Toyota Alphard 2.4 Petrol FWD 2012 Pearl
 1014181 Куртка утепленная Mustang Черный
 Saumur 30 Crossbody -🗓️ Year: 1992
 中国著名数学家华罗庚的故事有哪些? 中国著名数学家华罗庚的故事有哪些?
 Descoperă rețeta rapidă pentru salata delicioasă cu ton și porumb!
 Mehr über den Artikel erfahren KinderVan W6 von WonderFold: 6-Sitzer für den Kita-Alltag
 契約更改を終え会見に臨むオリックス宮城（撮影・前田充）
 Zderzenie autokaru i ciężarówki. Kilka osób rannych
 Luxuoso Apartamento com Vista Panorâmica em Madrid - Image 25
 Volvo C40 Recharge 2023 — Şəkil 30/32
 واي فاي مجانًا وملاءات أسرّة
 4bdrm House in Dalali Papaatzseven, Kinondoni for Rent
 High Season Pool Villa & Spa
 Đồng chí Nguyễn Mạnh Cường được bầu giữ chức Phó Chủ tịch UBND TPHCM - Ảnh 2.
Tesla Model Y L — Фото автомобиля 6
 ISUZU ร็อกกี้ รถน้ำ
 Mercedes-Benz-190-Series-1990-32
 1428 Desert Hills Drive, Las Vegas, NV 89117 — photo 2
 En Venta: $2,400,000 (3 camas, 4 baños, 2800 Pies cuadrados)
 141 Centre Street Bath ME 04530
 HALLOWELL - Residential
···
The whole listing above needs to be reproduced exactly.

◆ **RESPONSE AREA**:
Toyota Alphard 2.4 Petrol FWD 2012 Pearl
 1014181 Куртка утепленная Mustang Черный
 Saumur 30 Crossbody -🗓️ Year: 1992
 中国著名数学家华罗庚的故事有哪些? 中国著名数学家华罗庚的故事有哪些?
 Descoperă rețeta rapidă pentru salata delicioasă cu ton și porumb!
 Mehr über den Artikel erfahren KinderVan W6 von WonderFold: 6-Sitzer für den Kita-Alltag
 契約更改を終え会見に臨むオリックス宮城（撮影・前田充）
 Zderzenie autokaru i ciężarówki. Kilka osób rannych
 Luxuoso Apartamento com Vista Panorâmica em Madrid - Image 25
 Volvo C40 Recharge 2023 — Şəkil 30/32
 واي فاي مجانًا وملاءات أسرّة
 4bdrm House in Dalali Papaatzseven, Kinondoni for Rent
 High Season Pool Villa & Spa
 Đồng chí Nguyễn Mạnh Cường được bầu giữ chức Phó Chủ tịch UBND TPHCM - Ảnh 2.
Tesla Model Y L — Фото автомобиля 6
 ISUZU ร็อกกี้ รถน้ำ
 Mercedes-Benz-190-Series-1990-32
 1428 Desert Hills Drive, Las Vegas, NV 89117 — photo 2
 En Venta: $2,400,000 (3 camas, 4 baños, 2800 Pies cuadrados)
 141 Centre Street Bath ME 04530
 HALLOWELL - Residential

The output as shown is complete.